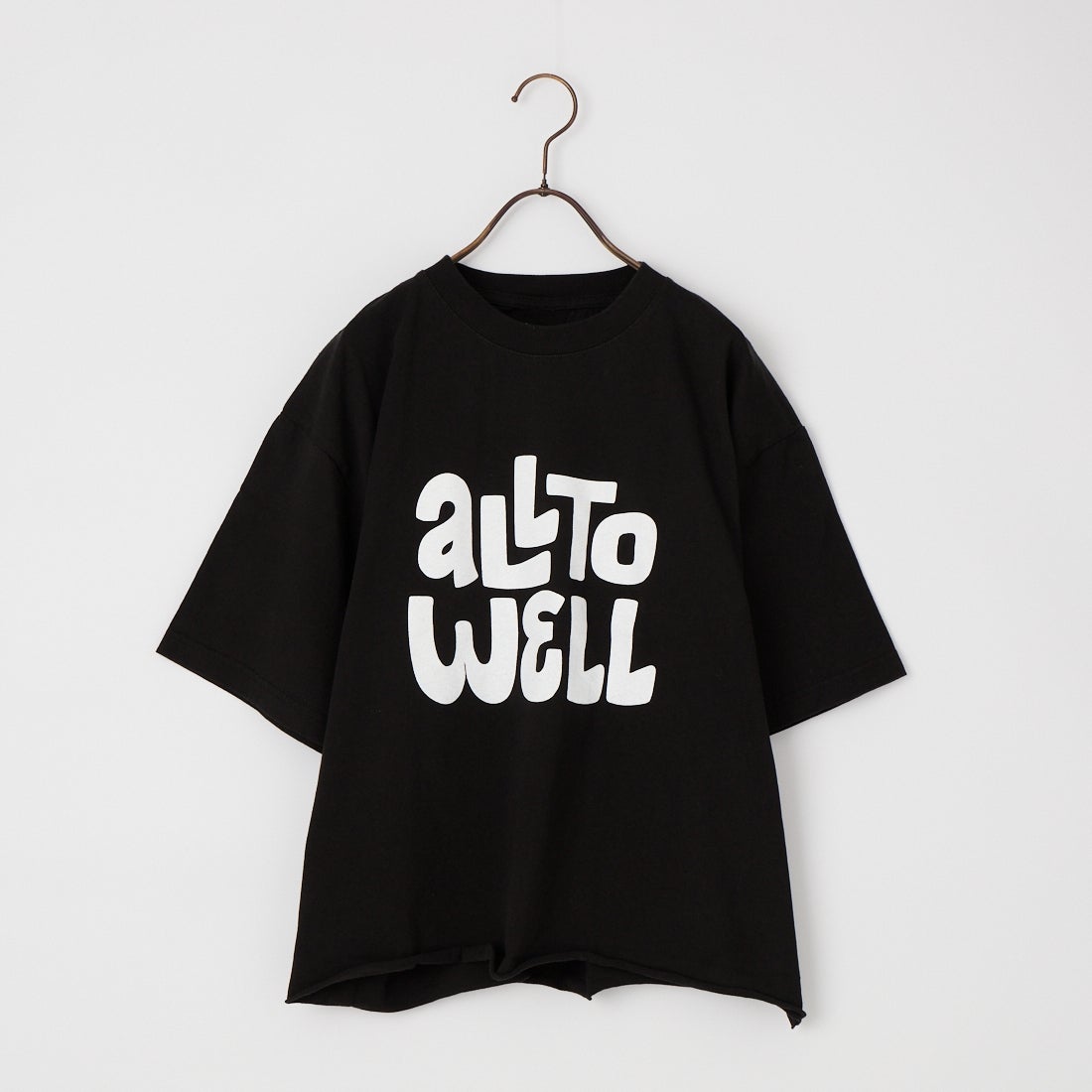 FUNG [ファング] ALL TO WELL カットオフ プリントTシャツ [ALL-TO-WELL] BLACK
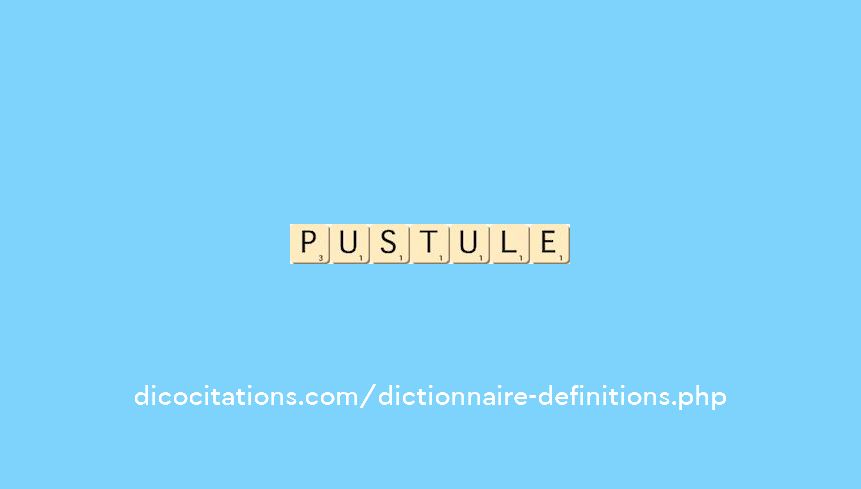 pustule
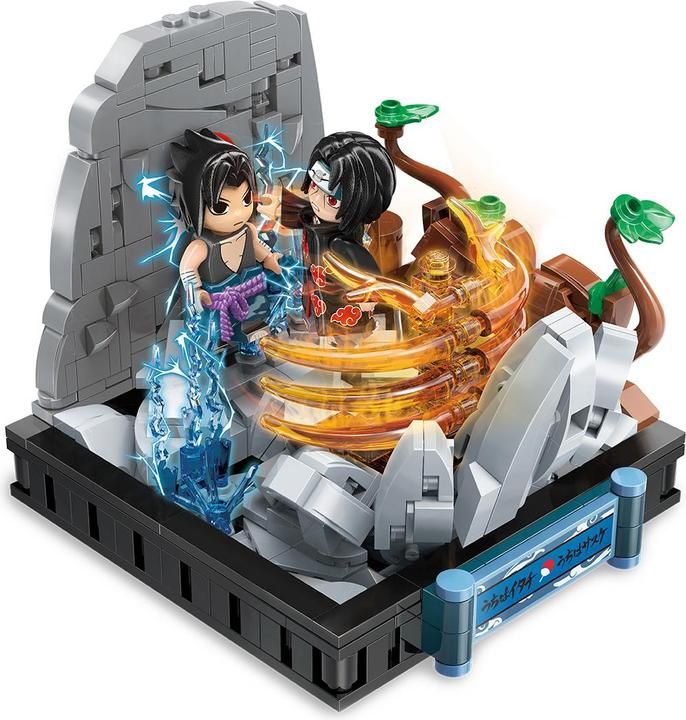 U1 QMAN - Keeppley - Diorama Battle of the Uchiha Brothers – Image 1
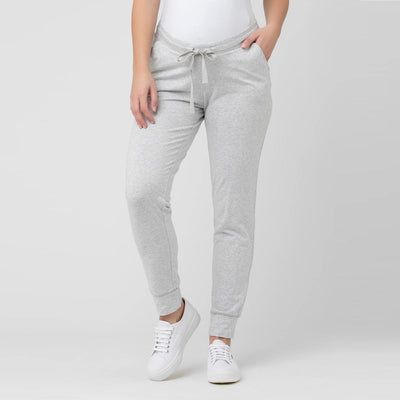 Silver Organic Jersey Joggers
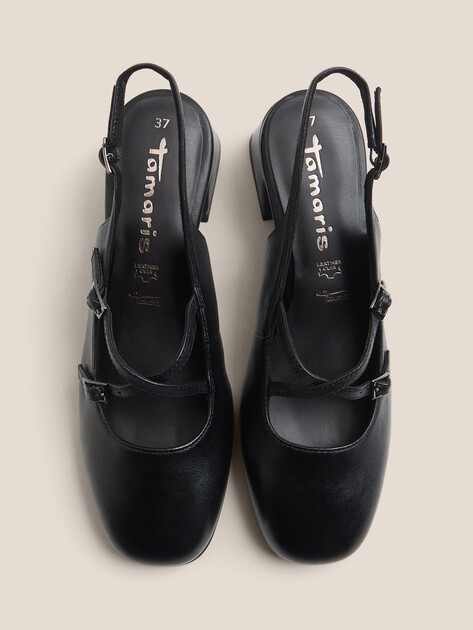 Женские туфли с открытой пяткой (слингбэк) TAMARIS MELILLA, Артикул 1-1-29662-45, черный | 4560211. Ракурс 4 Женские туфли с открытой пяткой (слингбэк) TAMARIS MELILLA, Артикул 1-1-29662-45, черный | 4560211. Ракурс 4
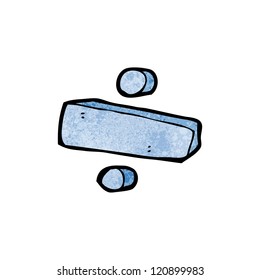 símbolo de división de dibujos animados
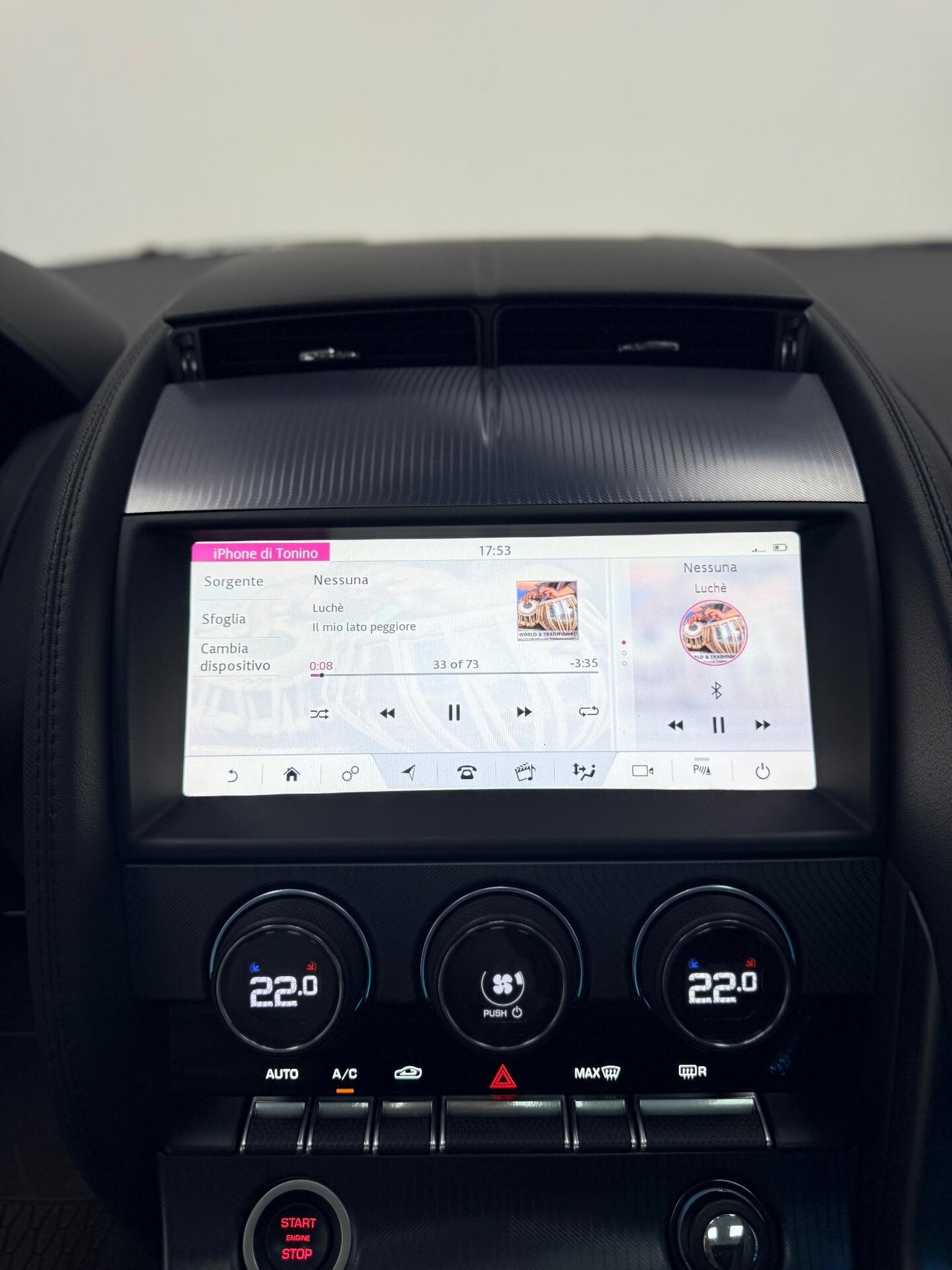 Jaguar F-Type 2.0 aut. Coupé Chequered Flag 05/2019 EURO 6D TETTO RETROCAM SCARICO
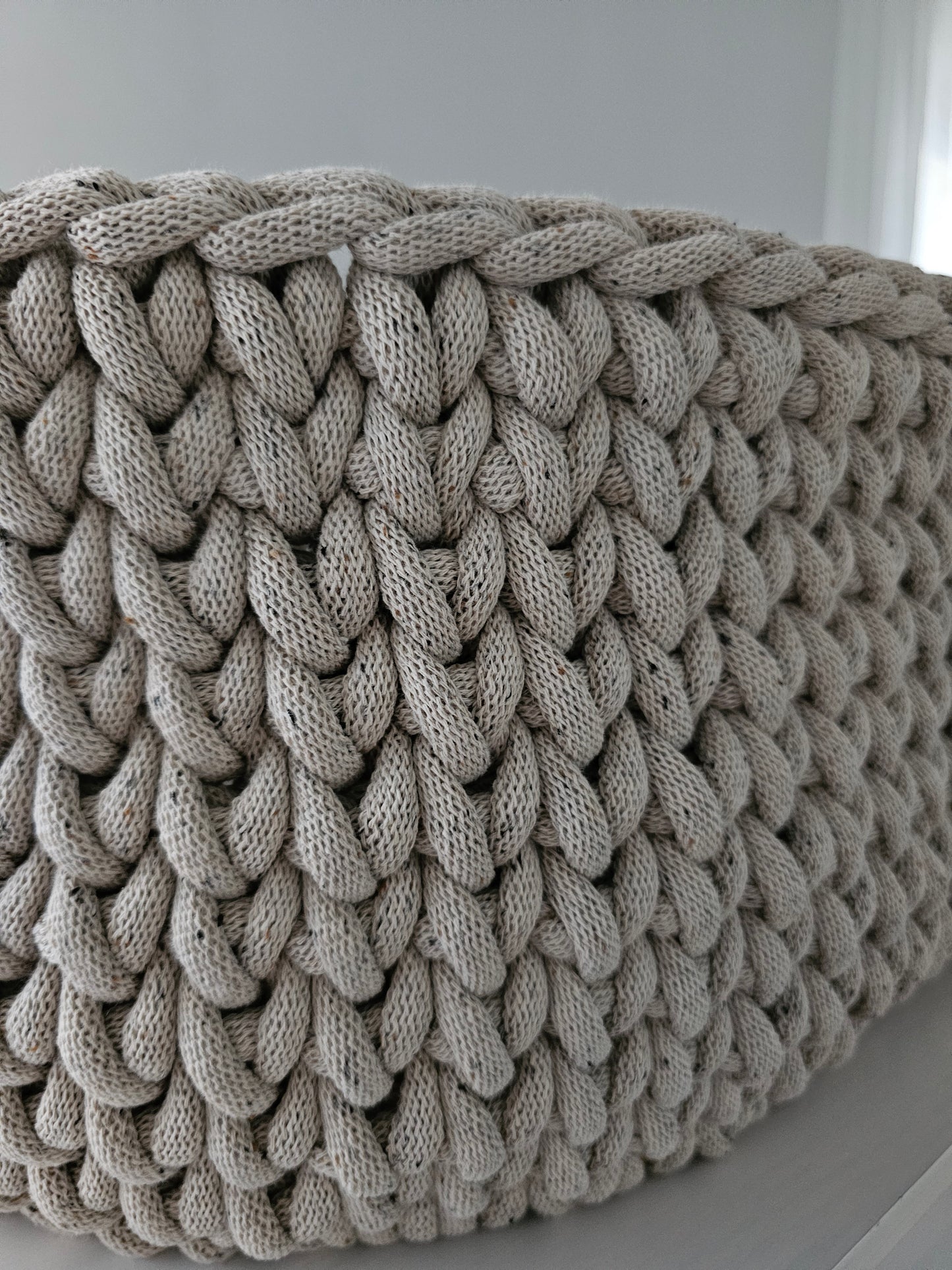 Vintageliebe® Moseskorb beige meliert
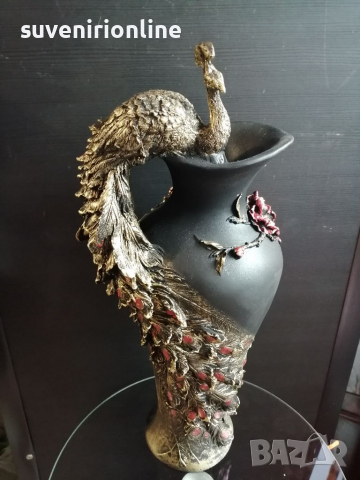 Декоративна ваза паун, снимка 1 - Вази - 36340838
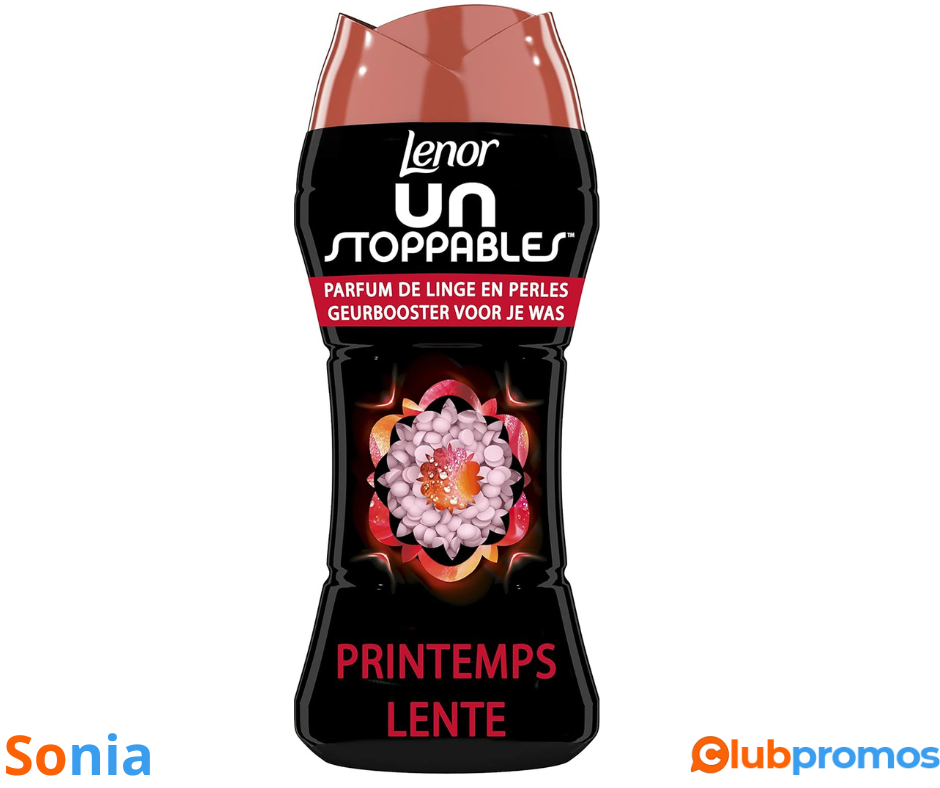 bon plan amazon Lenor Unstoppables Parfum de Linge en Perles pour Lessive, 16 Lavages (224g), ...png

> **Aim of the exercise**: Without including any picture, reproduce all of the material exactly.

> **Exercise answer**:
 FUNG [ファング] ALL TO WELL カットオフ プリントTシャツ [ALL-TO-WELL] BLACK
 pustule
 U1 QMAN - Keeppley - Diorama Battle of the Uchiha Brothers – Image 1
 Silver Organic Jersey Joggers
 Женские туфли с открытой пяткой (слингбэк) TAMARIS MELILLA, Артикул 1-1-29662-45, черный | 4560211. Ракурс 4 Женские туфли с открытой пяткой (слингбэк) TAMARIS MELILLA, Артикул 1-1-29662-45, черный | 4560211. Ракурс 4
 símbolo de división de dibujos animados
 Jaguar F-Type 2.0 aut. Coupé Chequered Flag 05/2019 EURO 6D TETTO RETROCAM SCARICO
 Vintageliebe® Moseskorb beige meliert
 Декоративна ваза паун, снимка 1 - Вази - 36340838
 bon plan amazon Lenor Unstoppables Parfum de Linge en Perles pour Lessive, 16 Lavages (224g), ...png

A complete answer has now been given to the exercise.